Please retype the entries below word for word, passing over every picture.

Segment Open

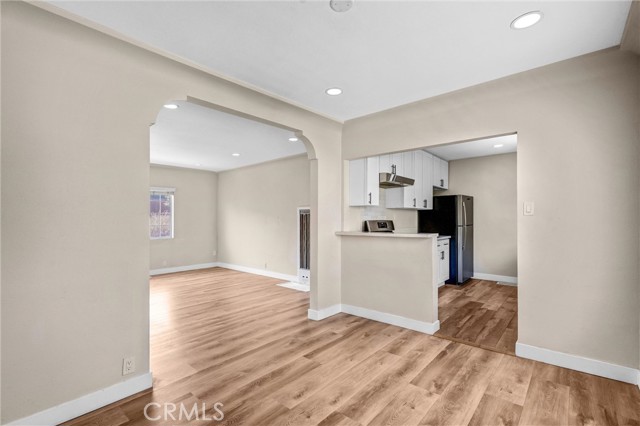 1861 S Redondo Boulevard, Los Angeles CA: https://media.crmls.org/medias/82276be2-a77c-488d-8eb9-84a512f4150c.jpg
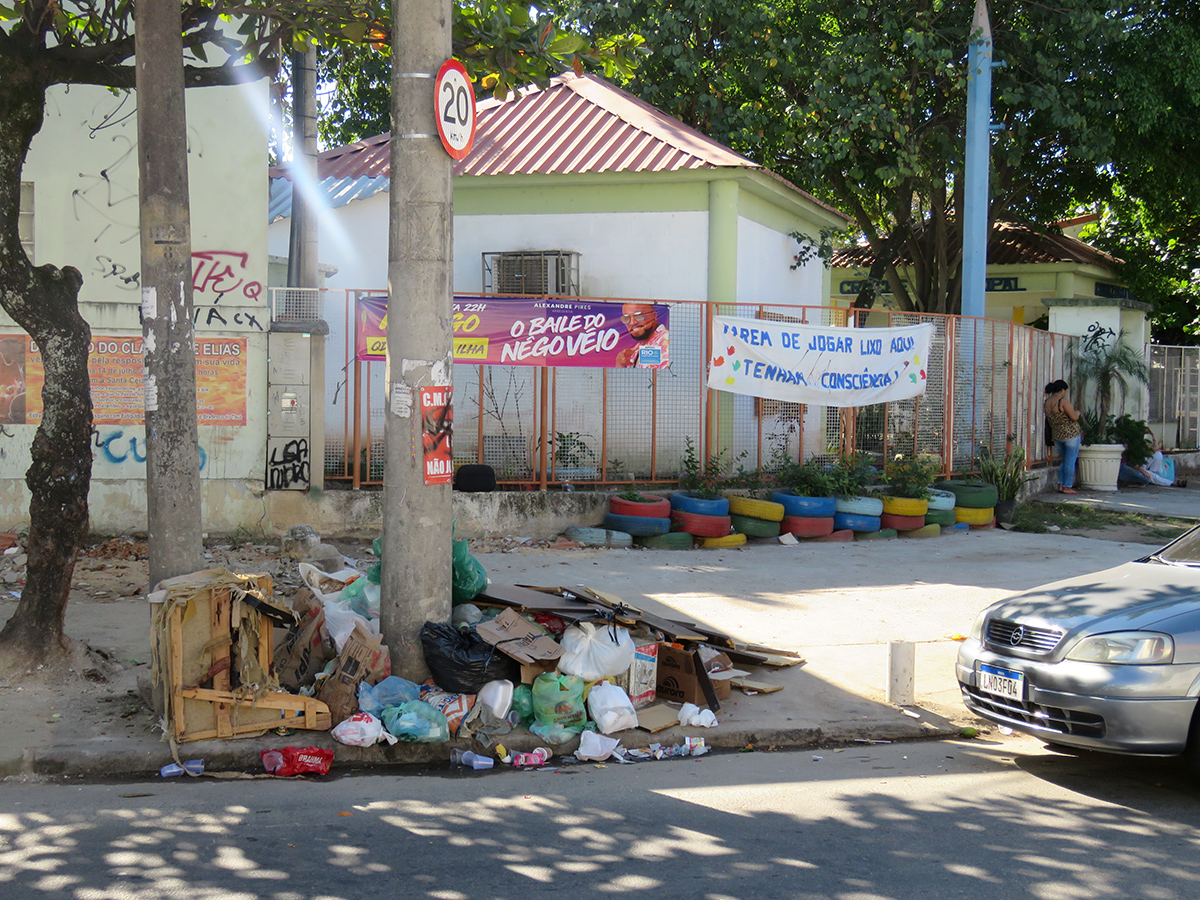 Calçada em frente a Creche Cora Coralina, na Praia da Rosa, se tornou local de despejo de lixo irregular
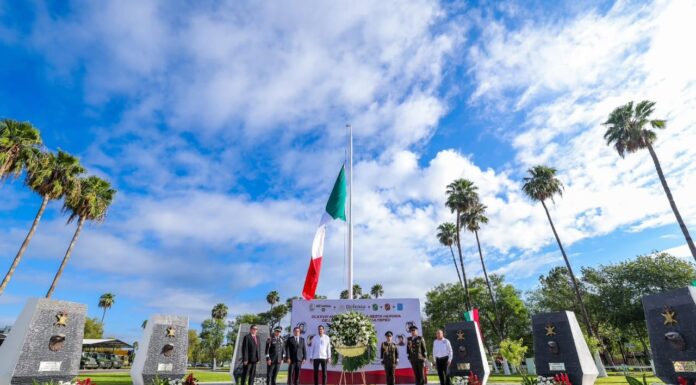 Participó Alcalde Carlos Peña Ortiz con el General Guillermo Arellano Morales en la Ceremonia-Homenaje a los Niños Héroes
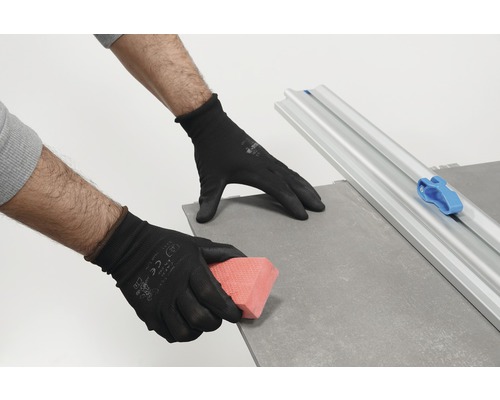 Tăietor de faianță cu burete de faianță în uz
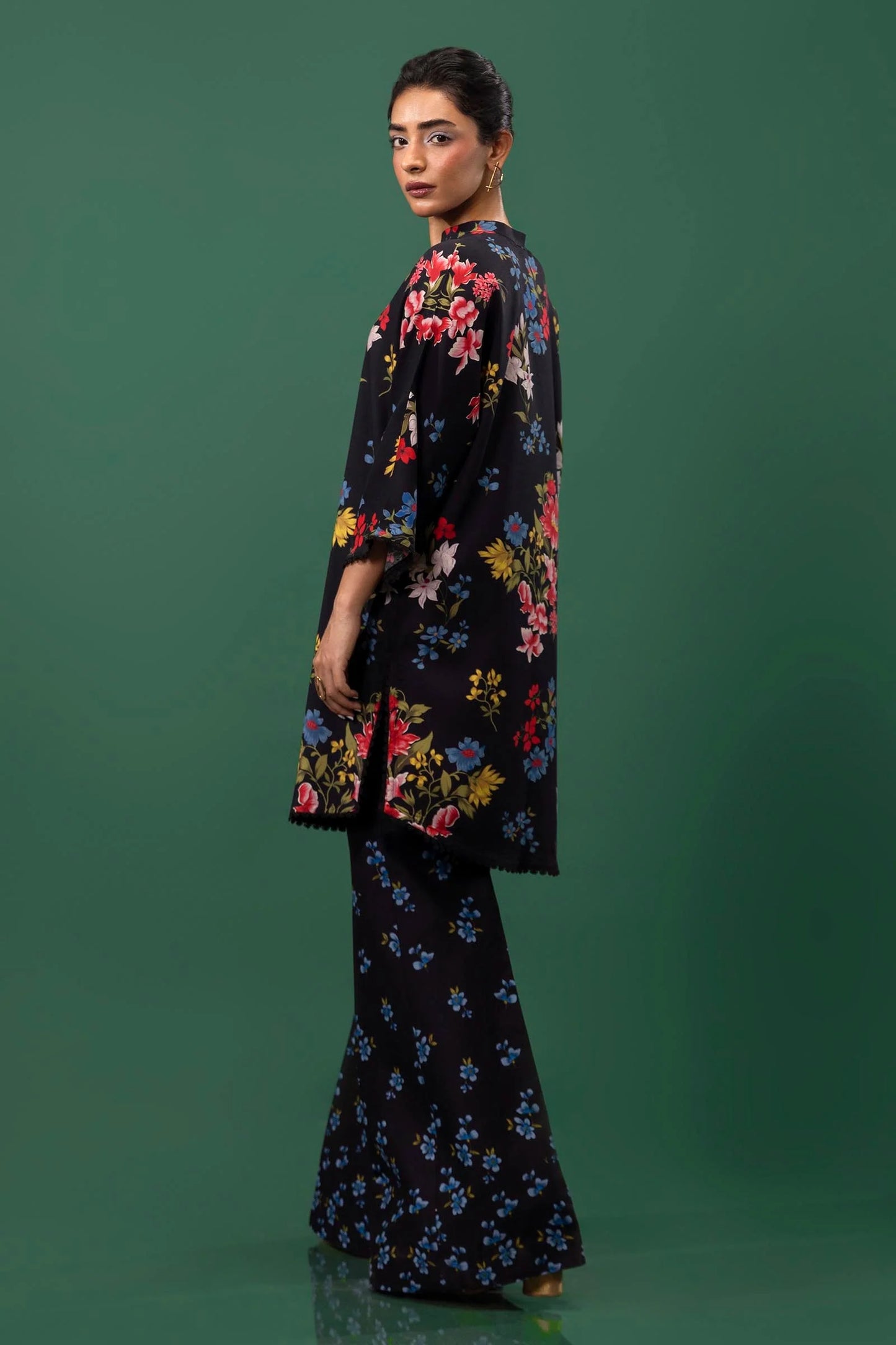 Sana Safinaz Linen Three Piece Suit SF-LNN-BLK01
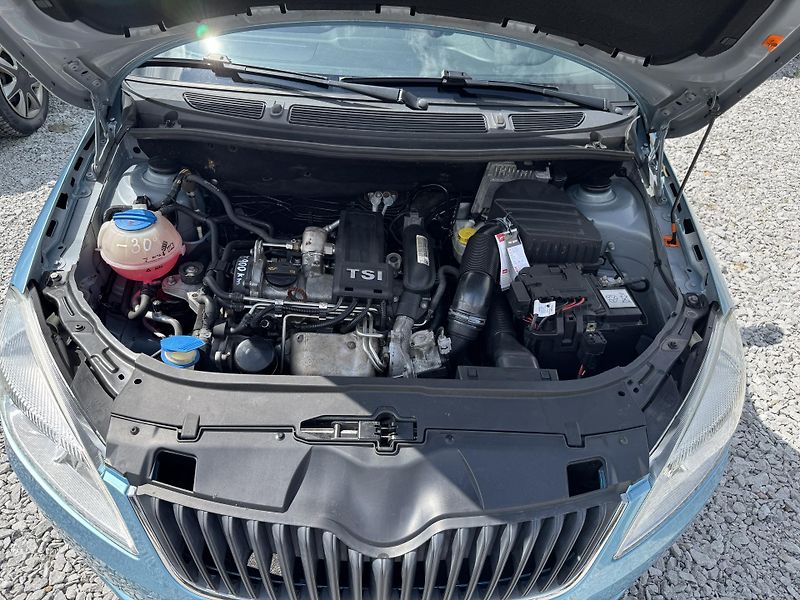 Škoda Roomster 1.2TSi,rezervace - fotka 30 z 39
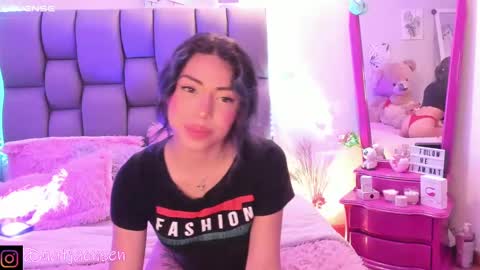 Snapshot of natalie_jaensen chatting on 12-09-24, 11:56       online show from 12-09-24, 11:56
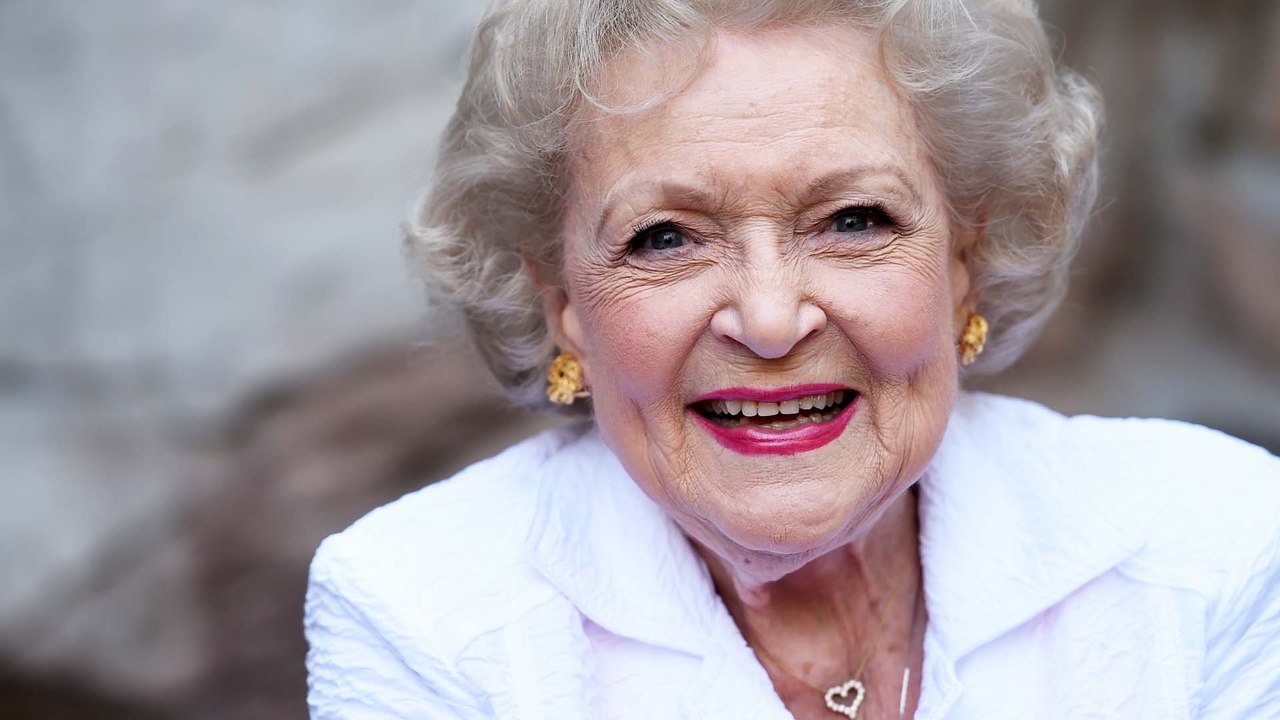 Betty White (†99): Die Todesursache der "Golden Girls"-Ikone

Segment Closed

RESPONSE TO THE TASK
 1861 S Redondo Boulevard, Los Angeles CA: https://media.crmls.org/medias/82276be2-a77c-488d-8eb9-84a512f4150c.jpg
 Calçada em frente a Creche Cora Coralina, na Praia da Rosa, se tornou local de despejo de lixo irregular
 Participó Alcalde Carlos Peña Ortiz con el General Guillermo Arellano Morales en la Ceremonia-Homenaje a los Niños Héroes
 Tăietor de faianță cu burete de faianță în uz
 Sana Safinaz Linen Three Piece Suit SF-LNN-BLK01
 Škoda Roomster 1.2TSi,rezervace - fotka 30 z 39
 Snapshot of natalie_jaensen chatting on 12-09-24, 11:56       online show from 12-09-24, 11:56
 Betty White (†99): Die Todesursache der "Golden Girls"-Ikone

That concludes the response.